Sarah, Bendrix e Harry, un triangolo che diventa quadro quando entra in scena la fede di Sarah che mai pensava di poter avere.
La fede la vede rinunciare alla passione, alla carnalità, alle viscere, alle unghie affondate sui palmi di Bendrix che nella sua vulnerabilità di scrittore diventa fuoco acceso di gelosia.
Poi c’è Harry, il marito di Sarah, fedele, placido, rigoroso, sospettoso ma come se accettasse la volubilità di Sarah nel cadere preda di questo amore.
Cosa c’è qui dentro: amore. Amore in tutte le sue costellazioni, in tutto il rigore e in tutto il ribaltamento di ogni regola. C’è Dio, durante la seconda mondiale e forse l’anima ferita e lacerata dalle bombe che vorrebbe solo sentirsi leggera ma per farlo ha bisogno di sperare.

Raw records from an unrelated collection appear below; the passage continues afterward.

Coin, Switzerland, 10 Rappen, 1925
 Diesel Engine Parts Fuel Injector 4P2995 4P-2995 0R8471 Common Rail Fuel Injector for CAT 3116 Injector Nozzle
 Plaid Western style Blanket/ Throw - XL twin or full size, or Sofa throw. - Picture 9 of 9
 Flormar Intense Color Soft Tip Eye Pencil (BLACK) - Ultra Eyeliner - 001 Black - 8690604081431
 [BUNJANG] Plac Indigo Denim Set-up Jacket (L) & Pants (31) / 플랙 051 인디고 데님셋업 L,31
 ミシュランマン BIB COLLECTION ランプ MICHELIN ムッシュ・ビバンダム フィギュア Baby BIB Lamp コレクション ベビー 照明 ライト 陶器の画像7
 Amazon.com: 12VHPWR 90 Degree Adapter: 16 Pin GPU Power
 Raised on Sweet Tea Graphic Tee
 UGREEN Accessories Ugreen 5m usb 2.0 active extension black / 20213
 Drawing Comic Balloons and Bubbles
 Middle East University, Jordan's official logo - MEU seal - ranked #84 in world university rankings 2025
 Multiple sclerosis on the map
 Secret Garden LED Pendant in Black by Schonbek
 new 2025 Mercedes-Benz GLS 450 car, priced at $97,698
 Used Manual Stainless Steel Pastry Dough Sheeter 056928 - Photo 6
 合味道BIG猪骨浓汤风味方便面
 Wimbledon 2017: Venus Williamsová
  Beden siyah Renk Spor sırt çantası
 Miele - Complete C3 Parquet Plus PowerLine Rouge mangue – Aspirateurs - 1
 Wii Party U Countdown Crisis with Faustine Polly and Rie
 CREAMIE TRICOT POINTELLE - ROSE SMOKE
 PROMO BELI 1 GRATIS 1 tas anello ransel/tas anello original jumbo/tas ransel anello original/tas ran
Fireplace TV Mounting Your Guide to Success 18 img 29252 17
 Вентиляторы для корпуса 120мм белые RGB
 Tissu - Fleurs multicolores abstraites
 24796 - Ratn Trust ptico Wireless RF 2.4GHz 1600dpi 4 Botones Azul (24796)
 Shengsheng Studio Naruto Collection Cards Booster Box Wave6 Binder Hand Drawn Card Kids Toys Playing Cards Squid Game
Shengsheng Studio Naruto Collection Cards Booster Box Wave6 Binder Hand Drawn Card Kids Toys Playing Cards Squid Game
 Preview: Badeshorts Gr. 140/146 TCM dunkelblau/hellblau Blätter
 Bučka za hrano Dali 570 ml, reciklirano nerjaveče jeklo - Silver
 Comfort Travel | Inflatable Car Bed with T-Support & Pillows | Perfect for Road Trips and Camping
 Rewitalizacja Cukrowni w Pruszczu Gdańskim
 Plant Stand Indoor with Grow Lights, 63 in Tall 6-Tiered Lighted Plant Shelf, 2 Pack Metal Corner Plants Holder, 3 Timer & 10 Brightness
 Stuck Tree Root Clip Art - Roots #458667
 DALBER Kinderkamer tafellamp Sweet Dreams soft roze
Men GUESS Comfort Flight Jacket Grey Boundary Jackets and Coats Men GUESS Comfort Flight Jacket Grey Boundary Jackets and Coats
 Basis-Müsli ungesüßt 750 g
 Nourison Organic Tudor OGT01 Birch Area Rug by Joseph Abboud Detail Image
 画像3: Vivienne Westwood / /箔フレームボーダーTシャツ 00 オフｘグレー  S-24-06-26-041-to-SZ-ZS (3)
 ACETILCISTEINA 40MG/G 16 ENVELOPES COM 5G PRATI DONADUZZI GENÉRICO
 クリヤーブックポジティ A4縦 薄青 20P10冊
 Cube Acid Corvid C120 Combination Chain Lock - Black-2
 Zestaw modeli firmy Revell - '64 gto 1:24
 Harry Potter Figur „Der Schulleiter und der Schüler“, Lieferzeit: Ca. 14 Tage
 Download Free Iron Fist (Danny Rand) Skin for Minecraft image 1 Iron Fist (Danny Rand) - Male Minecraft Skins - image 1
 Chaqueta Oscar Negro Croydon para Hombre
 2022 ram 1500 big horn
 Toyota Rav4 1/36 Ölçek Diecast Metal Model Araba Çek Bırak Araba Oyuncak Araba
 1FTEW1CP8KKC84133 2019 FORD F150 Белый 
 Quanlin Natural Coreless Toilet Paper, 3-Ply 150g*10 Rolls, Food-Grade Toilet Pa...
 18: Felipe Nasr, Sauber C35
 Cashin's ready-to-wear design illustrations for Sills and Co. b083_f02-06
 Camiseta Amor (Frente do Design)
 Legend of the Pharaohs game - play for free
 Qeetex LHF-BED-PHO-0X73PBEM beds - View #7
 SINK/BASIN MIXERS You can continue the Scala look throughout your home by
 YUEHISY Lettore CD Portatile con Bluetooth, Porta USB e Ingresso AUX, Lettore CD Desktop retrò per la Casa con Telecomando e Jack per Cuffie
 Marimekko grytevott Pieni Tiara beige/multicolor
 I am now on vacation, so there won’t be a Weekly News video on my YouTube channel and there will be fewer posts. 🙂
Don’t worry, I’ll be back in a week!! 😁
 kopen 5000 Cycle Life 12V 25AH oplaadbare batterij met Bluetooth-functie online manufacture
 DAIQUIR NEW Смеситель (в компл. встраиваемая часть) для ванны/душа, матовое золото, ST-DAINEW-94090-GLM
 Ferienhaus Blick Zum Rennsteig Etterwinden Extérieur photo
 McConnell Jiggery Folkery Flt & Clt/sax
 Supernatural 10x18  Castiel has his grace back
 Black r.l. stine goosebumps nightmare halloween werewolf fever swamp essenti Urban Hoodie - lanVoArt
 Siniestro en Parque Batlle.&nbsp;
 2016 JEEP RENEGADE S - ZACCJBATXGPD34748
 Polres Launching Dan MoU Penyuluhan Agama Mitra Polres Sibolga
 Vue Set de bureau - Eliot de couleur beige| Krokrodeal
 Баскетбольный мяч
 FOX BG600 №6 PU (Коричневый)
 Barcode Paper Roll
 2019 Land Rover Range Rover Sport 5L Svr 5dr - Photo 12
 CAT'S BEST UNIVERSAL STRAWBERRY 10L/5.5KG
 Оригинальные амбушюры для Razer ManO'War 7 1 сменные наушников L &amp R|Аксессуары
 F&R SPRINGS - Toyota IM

Ci sono anche i sentimenti più oscuri, rabbia, odio, gelosia e c’è anche un principio di amicizia.
Infine c’è umanità. L’umanità in tutta la sua meravigliosa spregevolezza e bellezza.
Ci si cerca per simili solitudini e quando ci si riconosce potrebbe essere il paradiso ma anche l’inferno, dipende da quanto lavoro si è compiuto su se stessi.